Commentaire publié dans GHI - Mercredi 11.10.23
Nous sommes en pleines élections fédérales. Depuis 1987 (j’étais au Journal de Genève), ce sont mes dixièmes comme journaliste. Et comme citoyen votant, mes douzièmes. Eh bien croyez-moi, je ne me suis jamais autant passionné que cette année ! Vous connaissez ces mots magiques de René Char, « le désir demeuré désir », le choc de ces syllabes pourrait résumer mon bonheur à couvrir l’actualité politique. Non que je goûte la cuisine des officines, le micmac des états-majors, vraiment pas. Mais les enjeux, pour le pays ! Notre souveraineté, notre contrôle de l’immigration, nos assurances sociales (sans doute le sujet que j’ai le plus creusé, en quarante ans de métier), nos régimes de retraites, nos grands projets routiers et ferroviaires, nos relations avec l’Europe, nos finances fédérales, notre agriculture, notre industrie, notre système de formation, l’avenir de nos jeunes.
Jamais je ne me passionnerais autant pour ces sujets si je n’étais, comme tous les Suisses de plus de dix-huit ans, un citoyen actif. Pas question, comme chez nos amis français, de regarder le pouvoir d’en bas, sans avoir d’autre prise sur le destin que d’élire, tous les cinq ans. Comme s’il y avait, d’un côté, la caste politique, et de l’autre la masse de ceux qui les contemplent. En Suisse, le suffrage universel, ce qu’on appelle en grec le démos (le peuple qui vote), ne se contente pas d’élire, il intervient directement sur les thèmes. L’outil, incomparable, de l’initiative populaire, lui permet de concevoir lui-même un sujet, le lancer à l’approbation de cent mille signataires, puis à celle, un beau dimanche, du corps électoral tout entier. C’est totalement génial.
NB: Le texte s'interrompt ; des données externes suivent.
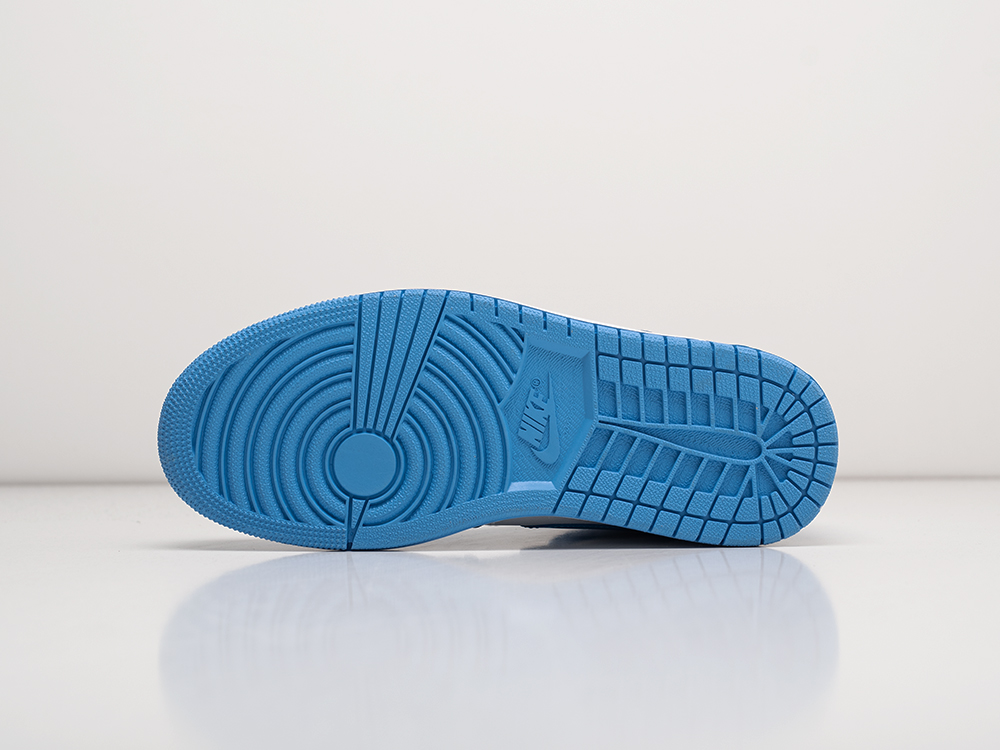 Кроссовки Nike Air Jordan 1 Mid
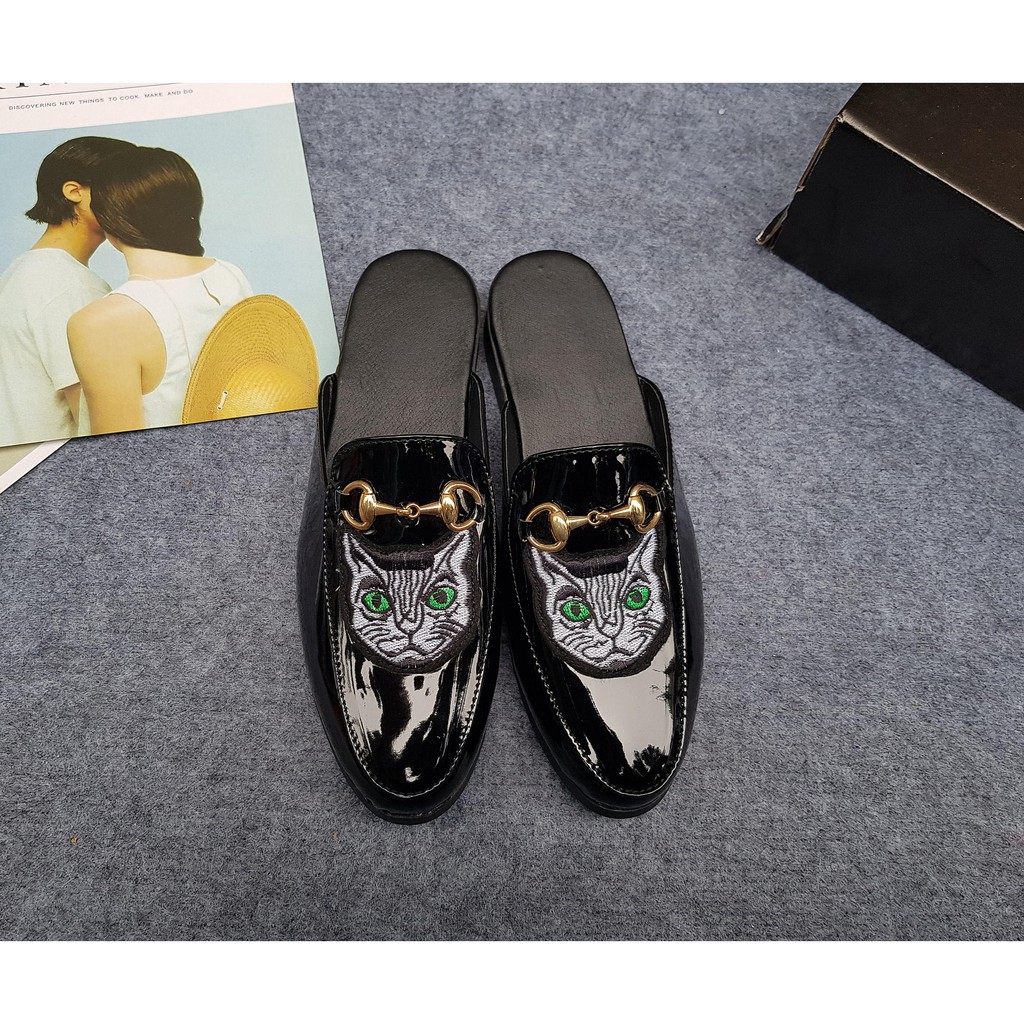 Giày sục da bóng  THÊU HÌNH MÈO  trang trí mác G.C kim loại.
Une élection fédérale, c’est la rencontre de deux paramètres : les thèmes, les personnes. Pour les premiers, des débats, tous les soirs. Pour les seconds, ces fameux Visages de Campagne que vous voyez défiler pendant deux mois. Là, l’aspect cérébral de la politique cède la place à l’incarnation. Je peux, le temps de six minutes, m’émerveiller de l’humain qui me fait face, tout en détestant ses idées. Je crois que tout journaliste politique doit se confronter, un jour ou l’autre, à ce paradoxe : on ne juge pas un homme ou une femme sur ses seules idées, mais sur la magie de sa personne, ses passions, son enthousiasme, son grain de folie. En cela, le journalisme me semble être un humanisme.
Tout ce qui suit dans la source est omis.